PROBLEM TO WORK ON:
Look through the material below and copy exactly the lines from the line with "Detta genomförs för" to the line with "As China and", those two lines included.

DATA FOR REVIEW:
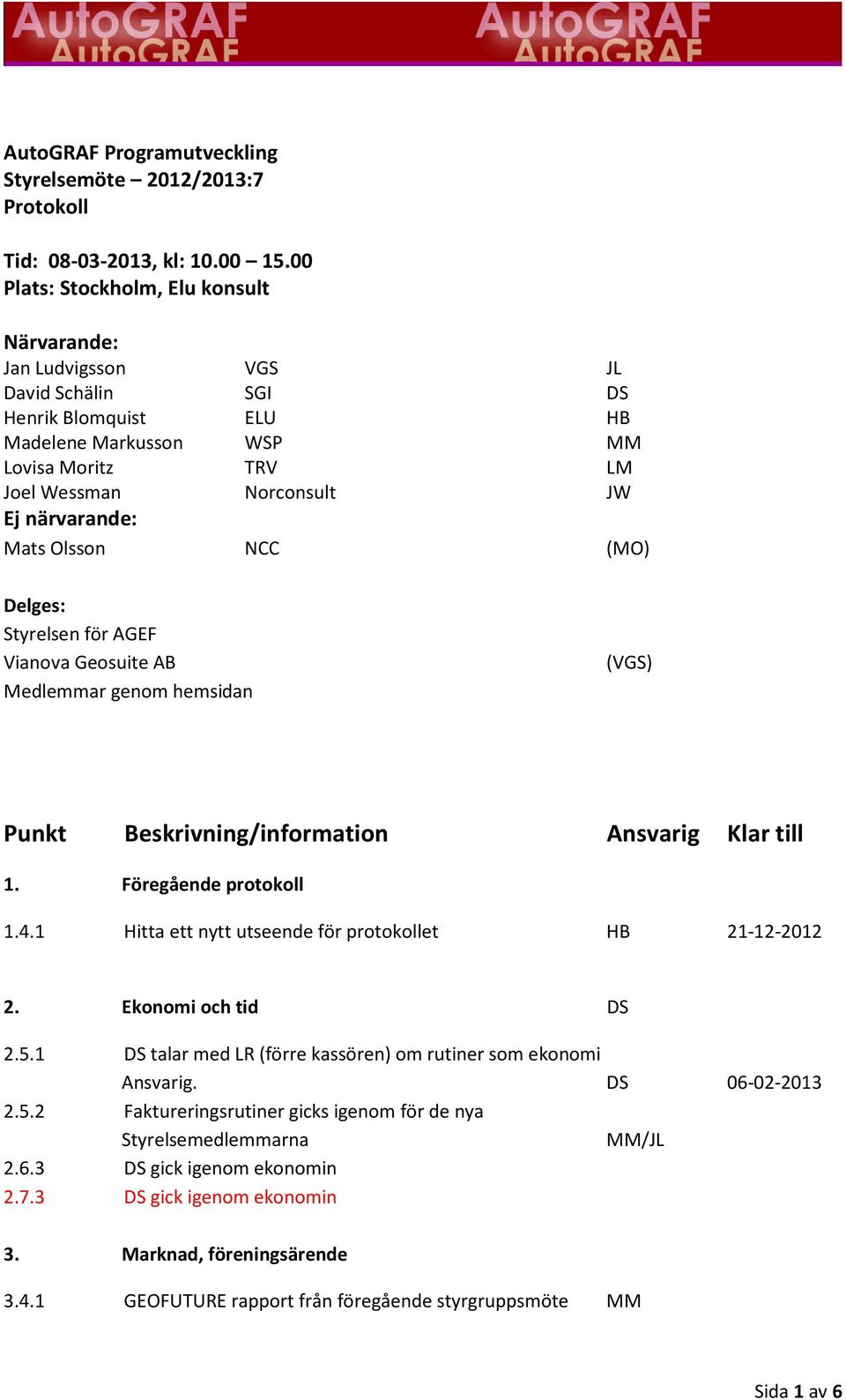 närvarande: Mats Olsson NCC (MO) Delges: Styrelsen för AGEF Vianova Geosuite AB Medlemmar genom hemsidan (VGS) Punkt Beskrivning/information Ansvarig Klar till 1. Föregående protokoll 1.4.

---

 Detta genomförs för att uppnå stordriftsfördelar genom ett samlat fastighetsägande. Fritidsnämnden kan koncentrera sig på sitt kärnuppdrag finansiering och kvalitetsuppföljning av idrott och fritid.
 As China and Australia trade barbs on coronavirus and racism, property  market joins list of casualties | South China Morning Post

WRITTEN REPLY:
 Detta genomförs för att uppnå stordriftsfördelar genom ett samlat fastighetsägande. Fritidsnämnden kan koncentrera sig på sitt kärnuppdrag finansiering och kvalitetsuppföljning av idrott och fritid.
 As China and Australia trade barbs on coronavirus and racism, property  market joins list of casualties | South China Morning Post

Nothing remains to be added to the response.